The first photo shows a floor after the drywalling and painting. You can see it’s quite cloudy and has lots of particles embedded in the floor. The second photo shows during the sanding process, showing just how much dust/debris was on the floors. The third photo shows the finished sanded floor. It’s completely smooth, ready for flooring to be installed. You can also see around the joints are sanded more than the middle – This is to ensure you won’t see any edges visible once your flooring is installed on top.


Look for full coverage – If you have good lighting (such as the middle of the day) look to see if the paint is too thin, where you may see primer coming through. Another tell tale – if you can see brush marks or wavy lines, this is not a good sign.
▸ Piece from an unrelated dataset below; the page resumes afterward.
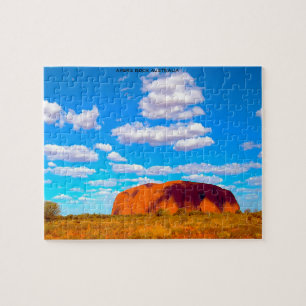 Ayers Rock Australia Puzzle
Straight cut lines between the ceiling and walls is a good thing to look for.

The left photo is a clear example of seeing the primer through the paint – Typically if paint is applied too thin, it won’t be quite so obvious, but this shows you what to look for.

Tile & Grout

Corners of tiles should line up and should be exact. The grout should be even throughout all the cracks, and the height of the grout should be the same. Watch out if you see inconsistent spacing between tiles, corners that don’t line up, and tiles placed at different depths – These are key indicators of poor tile setting.

Notice the tools this tile setter is using – He has a level on hand to ensure his tile job is precise and all the tiles are placed the same depth. He’s also using spacers between tiles, making certain his grout lines are evenly spaced. On the finished picture, notice how every corner of this intricate design is perfectly aligned.
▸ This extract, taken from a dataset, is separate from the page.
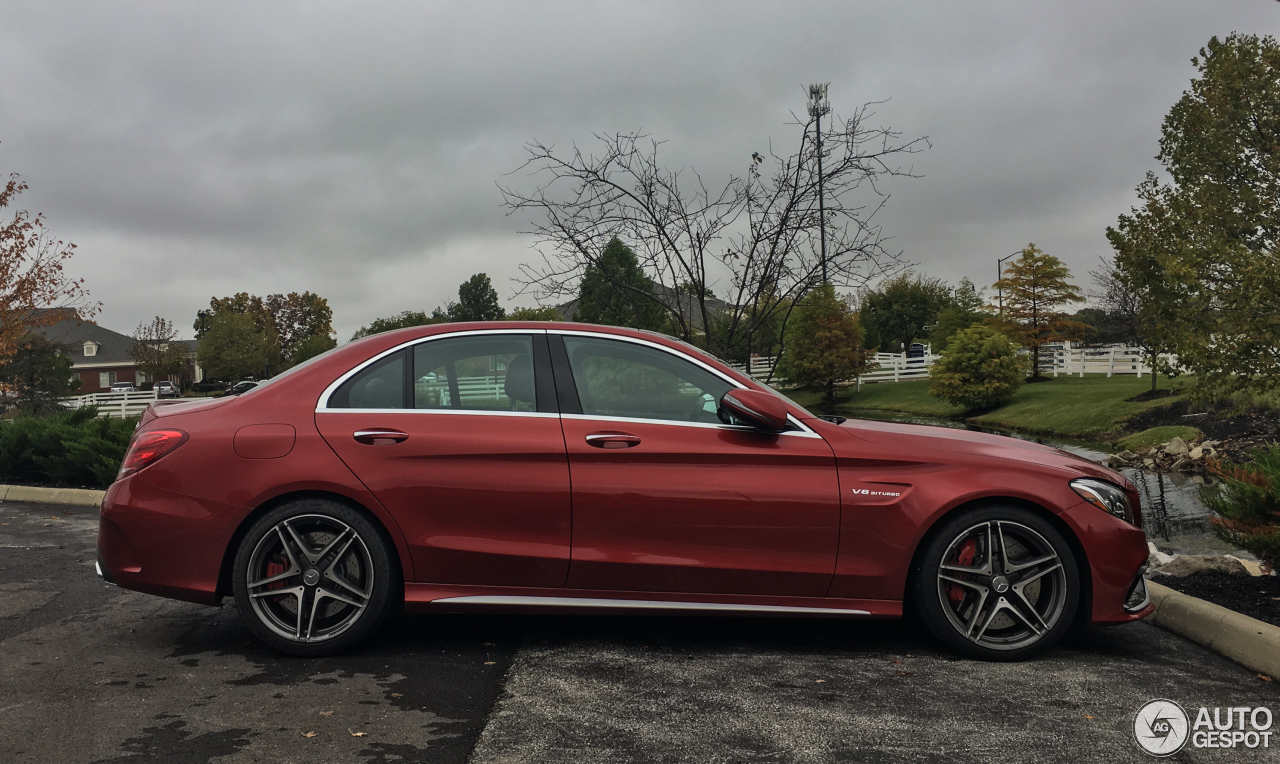 Mercedes-AMG C 63 S W205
Check if the floors been covered after installation. Are the floors protected with paper or corrugated cardboard? Doing this keeps the dust, grit, and fine grains of dirt off the direct floor while trades are still working in the house. This preserves the floor for when homeowners move in.

Lot Grade

The grade of the lot should slope away from the house in all directions, including the slope of the driveway and sidewalk. You should be able to see a gradual, yet noticeable drainage slope away from the house. If you see sloping towards the house, this is a bad sign, as water should always be swept away. Also, look down the edge of the driveway – there should be no obvious wiggles or waves in the concrete.

Notice the arrows pointing in directions away from these homes. The grading of a lot should always be sloping away from a home.

So, before you commit to a builder, make sure you take a look on site during construction. Remember to look for these things, as they will give you a good idea about the builder and how they operate. It will show you what type of trades they employ and the quality/craftmanship of their homes. You’re bound to learn something new!